Sunday, September 15, 2024

Keagan Hawthorne, After the Harvest

 

THE DARK

When she was little my mother wanted to hear
what the river had to say.
She pressed her ear to the ice
            and it spoke.

A neighbour saw,
guessed where to chop a hole downstream.
A miracle, they said, our Lazarus.
Her father gave the man a cow.

Three weeks in bed and no one asked
what the lights were like beneath the ice,
            what darkness.

A shame, she thought.
It was beautiful.

I’m just now getting into Sackville, New Brunswick poet and letterpress printer (founder of Hardscrabble Press, who is also in the process of taking over Gaspereau Press) Keagan Hawthorne’s full-length debut, After the Harvest (Kentville NS: Gaspereau Press, 2023), a carved sequence of family stories cut and shaped into stone.

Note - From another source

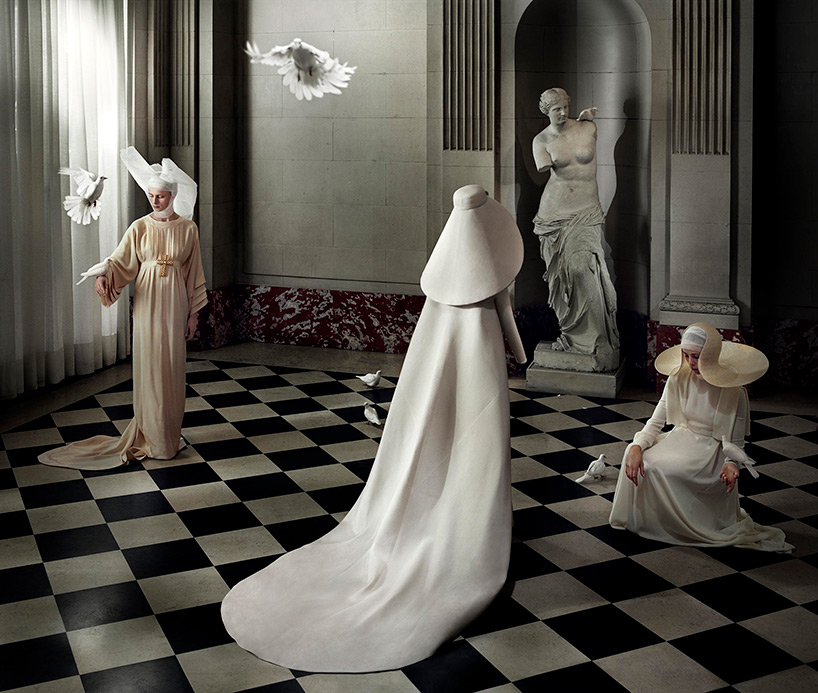 philip-lorca dicorcia's 'heavenly bodies' for vogue digitally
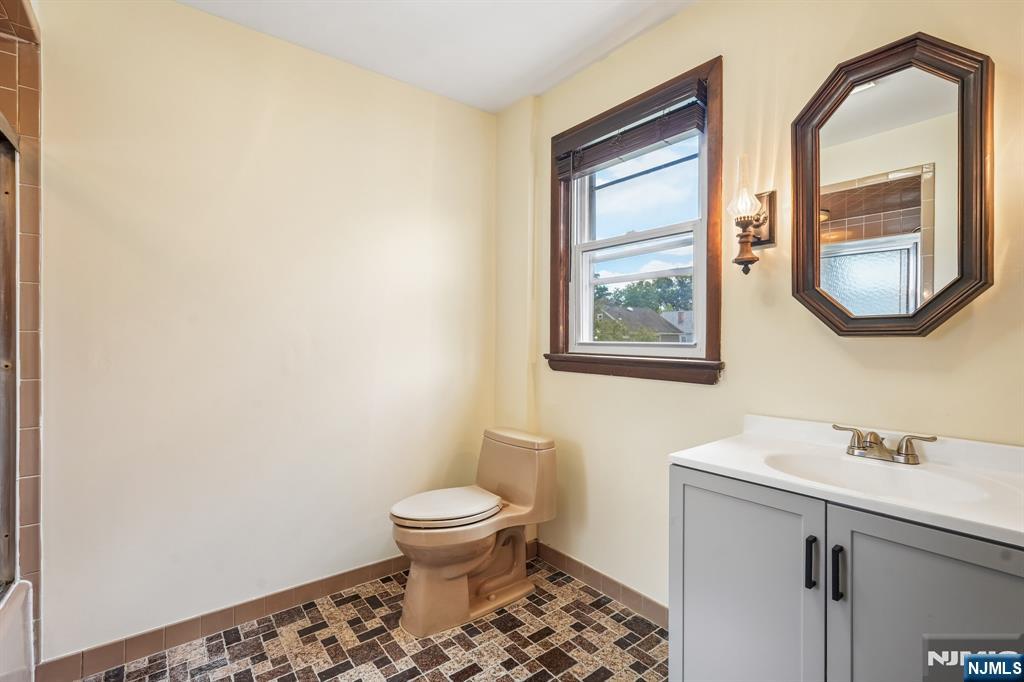 21 Ferncliff Road Bloomfield, NJ 07003 - Photo 19 of 46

Hawthorne sets up a landscape of east coast barrens, every word in its proper place, akin to the kind of Newfoundland patter and long descriptive phrases and sentences of Michael Crummey’s Passengers: Poems (Toronto ON: Anansi, 2022) [see my review of such here]. “Well, you know, we had a few good years,” Hawthorne writes, to open the poem “THE BOOK OF RUTH,” “no kids but a nice house, jobs, / and when the end came it was mercifully quick. // His mother moved in for the last few weeks / to help with care, and stayed on / after the funeral to help me clean things up.” There is a physicality to these poems that are quite interesting; a rhythm of storytelling, and a story properly told, through the rhythm and patterns of first-person ease across such descriptive motion. “It was a spring of record heat,” the poem “SPRING FEVER” begins, “when you walked down to the river, / found the pool above the beaver weir / and took off all your clothes.”